Texaco Star Theater
Broadcast 8pm-9 pm EST, Tuesday, September 27
Milton Bearle and Bela Lugosi
Bela Lugosi appeared before his largest live audience in two sketches on Milton Berle’s hit TV show. In one skit, in full Dracula costume, he tried to hypnotize the popular comedian into buying a house. Although it has long been stated that Berle’s constant ad-libbing and deviation from the script reduced Lugosi to a state of confusion, he doesn’t seem fazed in the surviving footage. Lugosi played a mad scientist in the second skit.
Note: This show is often wrongly listed as being broadcast on October 27th, but no broadcast took place on that day as it was a Thursday and the show was broadcast on Tuesdays. The October 25th show did not feature Bela Lugosi.

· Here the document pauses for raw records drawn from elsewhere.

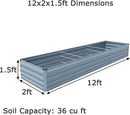 12x2x1.5ft Galvanized Raised Garden Bed,Outdoor Planter Box Metal Patio Kit Planting Bed for Vegetables Flowers Herb,Grey by GreenHaven Gardens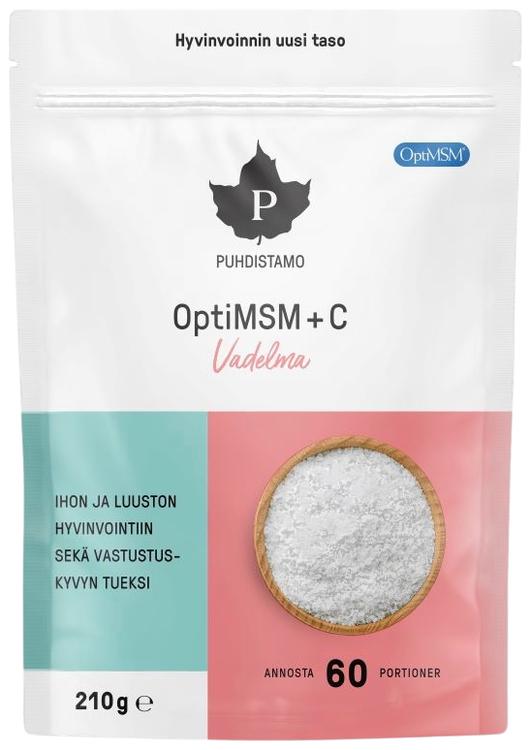 Puhdistamo OptiMSM+C -jauhe Vadelma 210 g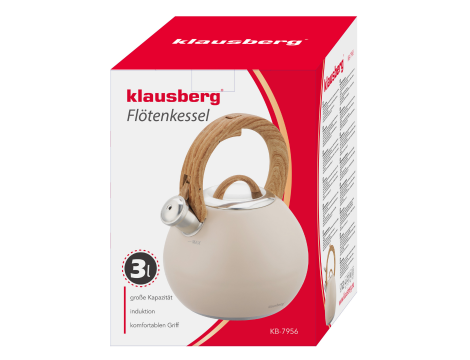 KLAUSBERG CZAJNIK STALOWY 3L BEŻOWY MAT Z UCHWYTEM DREWNOPODOBNYM - 2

Click on the link below to watch an extract
Bela Lugosi and Milton Bearle
Billboard, October 8, 1949
The Texaco Star Theater
Reviewed Thursday (27) 8-9 p.m. EDT. Sponsored by the Texas Company thru the Kudner Agency, via the National Broadcasting Company, New York. Producer-director, Ed Cashman. Cast: Milton Berle, Bill Robinson, Billie Burke, Jackie Robinson, Bela Lugosi, Al Roth orchestra, the Maxellos, Sid Stone.
In some respects, tele does a lot of things radio does but on a much larger scale. It makes stars faster – witness Milton Berle; it builds ratings faster – witness Milton Berle – and it may exhaust show formulas much faster. Berle may eventually be the star witness on this last, too.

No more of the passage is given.